米ミルサップス大学の人類考古学者べロニク・ベリスレ氏は、今回のキルカパンパの調査には関わっていないが、古代ペルーにおける幻覚剤の使用について研究してきた。同氏によれば、ワリ帝国ではチチャにビルカを加えて飲んでいたと長く考えられてきたが、今まで考古学上の裏付けがなかった。
「ワリ族の入植者たちが宴会を開き、ビルカを混ぜたチチャを客にふるまっていたことが、今回の研究で明らかになり、アンデス山脈の考古学に重要な進展をもたらしました」と、ベリスレ氏は言う。
しかしながら、すべての考古学者がこの説に納得しているわけではない。米シカゴのフィールド博物館の学芸員、ライアン・ウィリアムズ氏は、160キロほど南東のセロ・バウルで、ワリ族の儀式拠点の遺跡を発掘した研究者だ。今回の論文の仮説は「興味深い」ものの、ビルカとチチャを混ぜて飲んだという証拠が見つかっていないと指摘している。ウィリアムズ氏は、セロ・バウルで見つかったコショウボクを用いた古代の醸造所でワタの種子が発見されたことに触れ、「でも、私たちは、ワリの人々がワタを(チチャに入れて)飲んでいたとは言いません」と述べている。(参考記事:「インカ以前、ワリ帝国「ビール外交」の謎を解明」)

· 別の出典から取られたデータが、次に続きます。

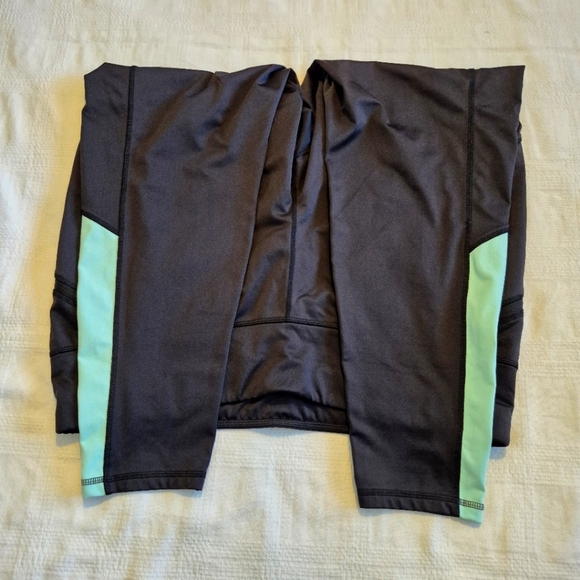 Livi Active womens 22/24 black and teal leggings, inside is warm fuzzy VGUC - Picture 5 of 9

確かに、キルカパンパの人々がコショウボクのチチャにビルカを混ぜたという直接の証拠はない。同じ場所でこの2つが見つかっただけだ。ジェニングス氏も、こうした点については認めている。「残念ながら、決定的な証拠はありません」。今後の調査では、ワリ文化のカップや酒器に残っているチチャの残留物にビルカの痕跡がないか調べる予定だ。「ビルカとコショウボクが同じ酒器に入っていた確証を得るために、ぜひ調査を実施したいと考えています」と、ジェニングス氏は意欲を燃やしている。